REMOTE = os.getenv("REMOTE")
RAW_DATA_PATH = os.path.join(
    s3_input_data_path, "srcopsmetrics/bot_knowledge", ORG, REPO, "PullRequest.json"
)

In [47]:
# Collect PRs and combine them
cc = ceph_comm.CephCommunication(s3_endpoint_url, s3_access_key, s3_secret_key, s3_bucket)

gs = GitHubSingleton()
gh = GithubHandler(gs.github)
repo = connect_to_source(ORG+'/'+REPO, gh)
prs = repo.get_pulls(state='open')
pr_ids = [pr for pr in prs]

INFO:github_handling: Github Handler __init__: 4991 remaining api calls
INFO:github_handling: _is_api_exhausted: 4991 remaining api calls
INFO:github_handling: _is_api_exhausted: 4991 remaining api calls


In [48]:
d = process_pr.parse_pr_with_mi(pr_ids[0])
pr_df = pd.DataFrame.from_dict(d, orient="index")
pr_df = pr_df.transpose()

PR_FILENAME = os.path.join("PRs/"+ str(pr_ids[0]) + ".json")
print("collected PR", RAW_DATA_PATH+"/"+PR_FILENAME)

collected PR ocp-ci-analysis-model/srcopsmetrics/bot_knowledge/aicoe-aiops/ocp-ci-analysis/PullRequest.json/PRs/PullRequest(title="Bump joblib from 1.1.0 to 1.2.0", number=592).json


In [49]:
## read model
MODEL_KEY = os.path.join(s3_input_data_path, ORG, REPO, "ttm-model")
MODEL_FILENAME = "model.joblib"


s3_resource = boto3.resource(
    "s3",
    endpoint_url=s3_endpoint_url,
    aws_access_key_id=s3_access_key,
    aws_secret_access_key=s3_secret_key,
)

buffer = BytesIO()
s3_object = s3_resource.Object(s3_bucket, f"{MODEL_KEY}/{MODEL_FILENAME}")
s3_object.download_fileobj(buffer)
model = joblib.load(buffer)
model

In [53]:
prediction = model.predict(pr_df) 
if ACTION:
    pr = repo.get_pull(pr_ids[0])
    pr.create_issue_comment(f"Our Model Predicts this PR to be in category {prediction}")
else:
    print(f"Our Model Predicts this PR to be in category {prediction}")

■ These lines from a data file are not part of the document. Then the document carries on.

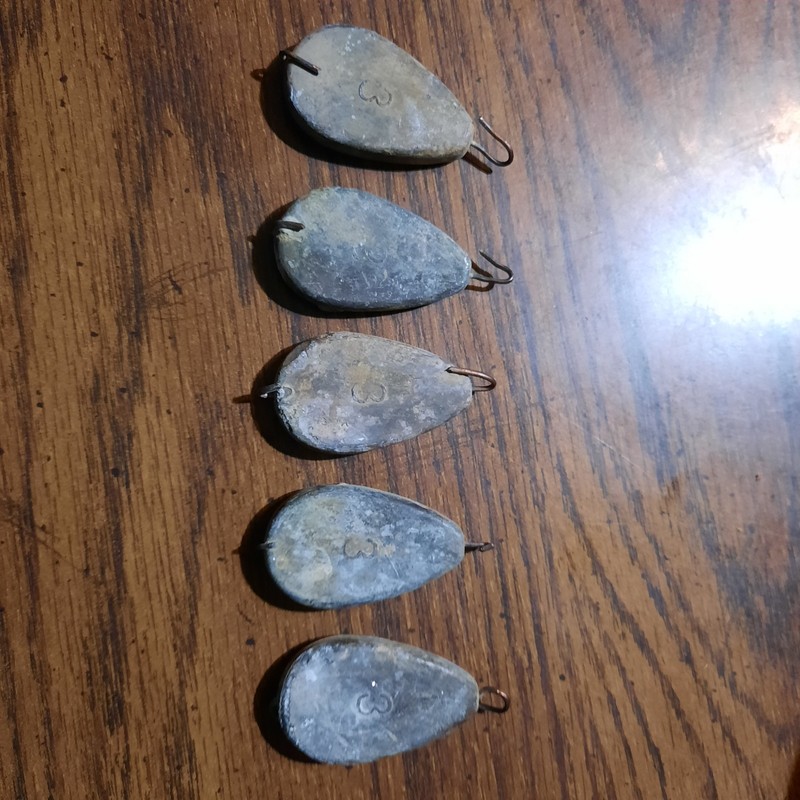Five Vintage 3oz no roll lead fishing Sinkers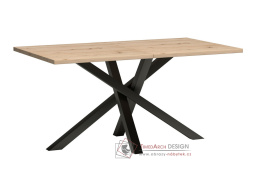 BARBUS, jídelní rozkládací stůl 160-260x90cm, černá / dub artisan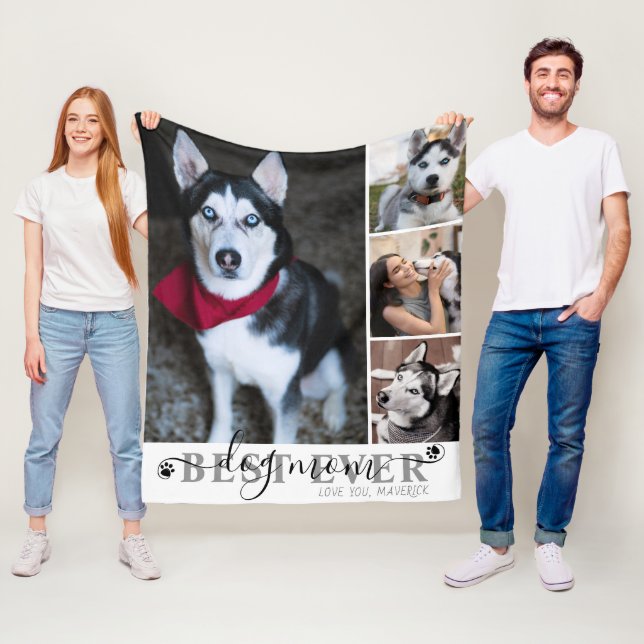 Best Dog Mum Ever Script 4 Photo Collage Pawprints Fleece Blanket (In Situ)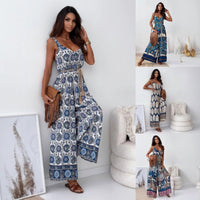 ✨Boho drukowany kombinezon bez pleców z paskiem z frędzlami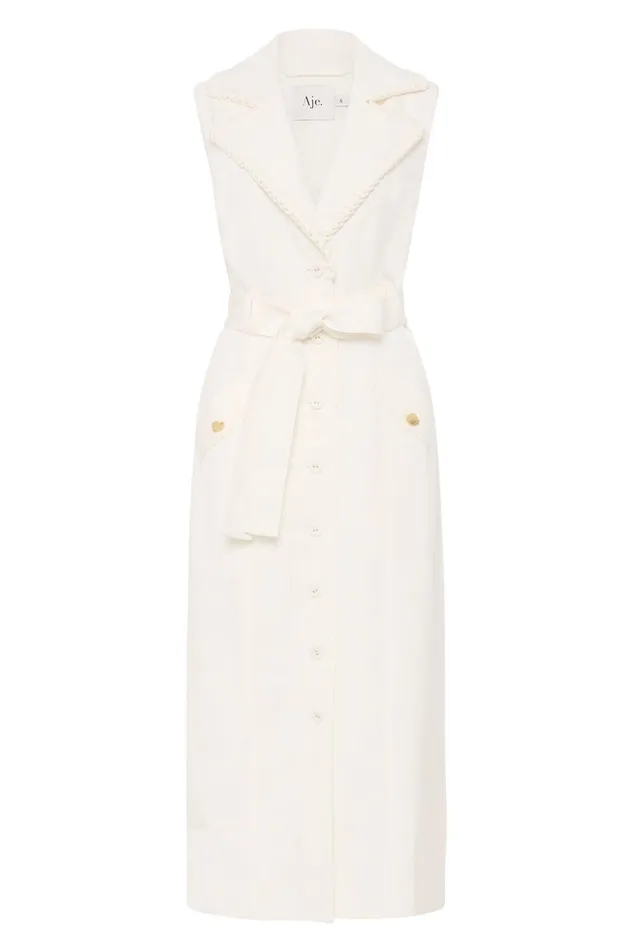 Encompass Utility Midi Dress Ivory Women Aje White Dresses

Our Model Predicts this PR to be in category [4]


# Conclusion

This notebook fetches the saved model from s3 and sends a payload to see how the model is performing on this new data. Additionally, we see that the evaluation scores in the classification report match the ones we saw in the training notebook. So, great, looks like our model are working as expected, and are ready to predict some times to merge for GitHub PRs!